▶ _TASK_
Of the entries below, return only those lines from the line with "vidaXL Kopfteile 2" to the line with "CAU CHOCOLATES - Dark", exactly, both included.

Data extracted from a collection:
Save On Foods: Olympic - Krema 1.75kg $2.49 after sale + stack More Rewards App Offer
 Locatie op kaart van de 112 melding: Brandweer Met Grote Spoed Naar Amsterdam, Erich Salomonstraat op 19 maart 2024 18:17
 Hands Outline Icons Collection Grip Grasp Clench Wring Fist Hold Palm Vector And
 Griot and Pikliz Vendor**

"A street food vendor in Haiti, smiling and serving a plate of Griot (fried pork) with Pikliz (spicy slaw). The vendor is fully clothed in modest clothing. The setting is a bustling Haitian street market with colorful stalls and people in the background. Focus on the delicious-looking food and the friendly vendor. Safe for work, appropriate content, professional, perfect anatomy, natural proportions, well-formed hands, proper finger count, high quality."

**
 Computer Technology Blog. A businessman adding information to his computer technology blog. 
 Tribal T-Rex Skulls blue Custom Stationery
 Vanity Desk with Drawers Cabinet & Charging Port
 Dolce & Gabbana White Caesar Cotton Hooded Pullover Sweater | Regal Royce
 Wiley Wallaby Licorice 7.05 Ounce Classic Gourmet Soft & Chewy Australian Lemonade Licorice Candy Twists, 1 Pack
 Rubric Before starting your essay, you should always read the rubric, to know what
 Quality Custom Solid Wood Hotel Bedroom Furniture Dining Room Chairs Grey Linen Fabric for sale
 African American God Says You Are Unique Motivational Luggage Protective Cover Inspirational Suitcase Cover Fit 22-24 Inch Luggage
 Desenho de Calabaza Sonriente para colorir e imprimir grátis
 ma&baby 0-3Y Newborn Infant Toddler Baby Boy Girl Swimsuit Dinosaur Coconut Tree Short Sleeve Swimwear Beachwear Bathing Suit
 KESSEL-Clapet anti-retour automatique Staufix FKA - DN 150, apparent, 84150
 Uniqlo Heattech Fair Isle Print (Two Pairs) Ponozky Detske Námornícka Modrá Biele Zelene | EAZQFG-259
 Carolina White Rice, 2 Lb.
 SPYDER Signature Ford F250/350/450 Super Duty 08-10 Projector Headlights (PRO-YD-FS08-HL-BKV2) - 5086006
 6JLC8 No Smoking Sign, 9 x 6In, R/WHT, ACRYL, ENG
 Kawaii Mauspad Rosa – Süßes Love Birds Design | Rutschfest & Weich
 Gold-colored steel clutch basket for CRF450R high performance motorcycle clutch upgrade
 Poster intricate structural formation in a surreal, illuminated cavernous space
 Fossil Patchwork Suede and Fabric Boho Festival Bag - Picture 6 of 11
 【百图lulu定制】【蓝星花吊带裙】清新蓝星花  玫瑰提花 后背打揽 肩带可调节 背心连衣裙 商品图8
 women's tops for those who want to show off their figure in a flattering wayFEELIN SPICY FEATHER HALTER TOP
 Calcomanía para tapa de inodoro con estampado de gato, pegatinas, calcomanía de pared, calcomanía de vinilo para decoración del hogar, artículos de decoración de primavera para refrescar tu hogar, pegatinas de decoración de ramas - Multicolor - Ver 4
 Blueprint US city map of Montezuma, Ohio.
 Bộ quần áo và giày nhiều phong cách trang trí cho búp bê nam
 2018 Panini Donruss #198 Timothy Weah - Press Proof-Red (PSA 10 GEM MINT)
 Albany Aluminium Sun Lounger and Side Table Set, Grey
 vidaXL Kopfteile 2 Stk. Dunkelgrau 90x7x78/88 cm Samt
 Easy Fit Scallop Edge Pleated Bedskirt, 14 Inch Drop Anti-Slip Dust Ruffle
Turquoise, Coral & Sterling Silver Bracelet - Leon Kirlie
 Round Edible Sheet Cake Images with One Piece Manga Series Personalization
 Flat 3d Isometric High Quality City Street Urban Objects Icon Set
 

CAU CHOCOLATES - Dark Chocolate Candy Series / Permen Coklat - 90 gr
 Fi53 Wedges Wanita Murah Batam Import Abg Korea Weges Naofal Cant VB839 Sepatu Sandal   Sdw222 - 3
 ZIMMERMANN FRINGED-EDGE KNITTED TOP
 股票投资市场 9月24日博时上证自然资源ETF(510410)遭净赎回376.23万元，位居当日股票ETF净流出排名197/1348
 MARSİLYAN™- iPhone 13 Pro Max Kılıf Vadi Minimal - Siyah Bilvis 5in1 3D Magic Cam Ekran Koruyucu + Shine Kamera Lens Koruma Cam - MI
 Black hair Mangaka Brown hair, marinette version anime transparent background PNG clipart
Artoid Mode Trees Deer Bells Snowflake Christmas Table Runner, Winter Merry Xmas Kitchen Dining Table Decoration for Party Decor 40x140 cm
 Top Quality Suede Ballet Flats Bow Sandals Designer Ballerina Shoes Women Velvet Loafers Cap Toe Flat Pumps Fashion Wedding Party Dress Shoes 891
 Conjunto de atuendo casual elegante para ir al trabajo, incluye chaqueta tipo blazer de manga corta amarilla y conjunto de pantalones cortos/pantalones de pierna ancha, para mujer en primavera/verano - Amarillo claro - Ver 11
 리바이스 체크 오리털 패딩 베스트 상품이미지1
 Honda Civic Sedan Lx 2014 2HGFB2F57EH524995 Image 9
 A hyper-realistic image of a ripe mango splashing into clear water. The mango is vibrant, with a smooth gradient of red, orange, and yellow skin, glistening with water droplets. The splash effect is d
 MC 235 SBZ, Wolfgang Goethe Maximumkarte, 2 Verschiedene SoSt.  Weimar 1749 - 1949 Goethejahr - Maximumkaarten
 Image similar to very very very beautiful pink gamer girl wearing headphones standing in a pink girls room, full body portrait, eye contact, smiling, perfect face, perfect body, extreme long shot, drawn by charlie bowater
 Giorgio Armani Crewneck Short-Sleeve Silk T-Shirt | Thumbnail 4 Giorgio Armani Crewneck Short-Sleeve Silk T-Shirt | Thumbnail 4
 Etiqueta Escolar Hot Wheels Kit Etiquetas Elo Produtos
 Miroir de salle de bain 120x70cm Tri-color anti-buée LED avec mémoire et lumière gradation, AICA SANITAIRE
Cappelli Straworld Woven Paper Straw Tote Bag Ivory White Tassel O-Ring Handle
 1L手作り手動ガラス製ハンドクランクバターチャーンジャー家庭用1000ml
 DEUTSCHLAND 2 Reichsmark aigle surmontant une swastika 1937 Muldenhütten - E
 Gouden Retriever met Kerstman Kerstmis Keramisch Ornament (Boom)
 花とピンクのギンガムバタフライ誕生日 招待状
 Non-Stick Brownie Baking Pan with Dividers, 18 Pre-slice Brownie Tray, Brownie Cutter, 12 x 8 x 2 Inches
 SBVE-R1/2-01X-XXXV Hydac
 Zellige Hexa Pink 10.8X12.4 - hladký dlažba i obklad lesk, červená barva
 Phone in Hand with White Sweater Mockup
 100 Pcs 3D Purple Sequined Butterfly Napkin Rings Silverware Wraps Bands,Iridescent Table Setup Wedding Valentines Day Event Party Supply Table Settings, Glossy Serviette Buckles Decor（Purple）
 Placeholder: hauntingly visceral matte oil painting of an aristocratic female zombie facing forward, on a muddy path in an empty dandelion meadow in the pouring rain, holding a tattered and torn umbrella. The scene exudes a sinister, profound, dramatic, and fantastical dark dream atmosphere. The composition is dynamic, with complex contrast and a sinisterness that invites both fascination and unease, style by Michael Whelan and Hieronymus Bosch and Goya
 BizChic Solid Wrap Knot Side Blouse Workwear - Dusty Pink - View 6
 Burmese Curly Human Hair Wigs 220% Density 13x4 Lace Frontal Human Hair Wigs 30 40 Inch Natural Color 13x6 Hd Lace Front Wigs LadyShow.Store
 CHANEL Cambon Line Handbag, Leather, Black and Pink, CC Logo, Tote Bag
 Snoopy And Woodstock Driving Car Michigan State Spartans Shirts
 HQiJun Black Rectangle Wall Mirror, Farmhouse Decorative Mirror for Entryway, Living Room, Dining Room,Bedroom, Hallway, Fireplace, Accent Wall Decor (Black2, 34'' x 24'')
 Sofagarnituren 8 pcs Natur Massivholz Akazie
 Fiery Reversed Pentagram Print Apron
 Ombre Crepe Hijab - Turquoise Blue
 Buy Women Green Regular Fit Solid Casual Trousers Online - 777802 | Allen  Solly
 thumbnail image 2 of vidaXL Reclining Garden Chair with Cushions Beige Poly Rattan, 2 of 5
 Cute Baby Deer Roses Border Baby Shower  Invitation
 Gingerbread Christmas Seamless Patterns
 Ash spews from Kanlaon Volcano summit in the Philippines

▶ _EXERCISE SOLUTION_
 vidaXL Kopfteile 2 Stk. Dunkelgrau 90x7x78/88 cm Samt
 Easy Fit Scallop Edge Pleated Bedskirt, 14 Inch Drop Anti-Slip Dust Ruffle
Turquoise, Coral & Sterling Silver Bracelet - Leon Kirlie
 Round Edible Sheet Cake Images with One Piece Manga Series Personalization
 Flat 3d Isometric High Quality City Street Urban Objects Icon Set
 

CAU CHOCOLATES - Dark Chocolate Candy Series / Permen Coklat - 90 gr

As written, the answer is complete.